York was promoted to senior investigator after his stint in Major Crimes, supervising investigators in Queensbury before he left the State Police.
The job of an investigator has changed dramatically since 1988 when York moved to the State Police Bureau of Criminal Investigation. A newfangled device called a fax machine was the height of technology at that time.
“There are so many tools for police work now that we didn’t have,” he said.
York said he is proud of the cooperative relationship the Sheriff’s Office has with other law enforcement agencies in the county.
“Any homicide or major case we had, we solved it,” he said. “The homicide in Queensbury in May, we solved that in five hours.”
York has drawn praise from some and criticism from others for delving into complicated white-collar cases, such as the Siemens Energy Systems investigation, which led to a rift in county Republican circles; and the Lake George Watershed Coalition corruption case that led to the indictment of the coalition’s former director.
He said he has no regrets, as he has always been a cop and wasn’t going to let politics get in the way of the job getting done.
“There were a lot of people pissed at me.
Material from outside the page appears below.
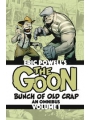 Goon Bunch Of Old Crap Omnibus s/c vol 1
A lot of Republicans didn’t like that (Siemens) investigation,” he said. “Sometimes you ruffle feathers. But I’m proud of the work work we did. We put a lot of bad guys away and helped a lot of people.”
York, a longtime resident of Warrensburg, said he has no grand plans to travel with his newfound time off, other than day trips here and there. He said he plans to spend more time with family, which includes 20 grandchildren and six great-grandchildren. An avid tennis player and instructor, he will also have more time for the game he loves.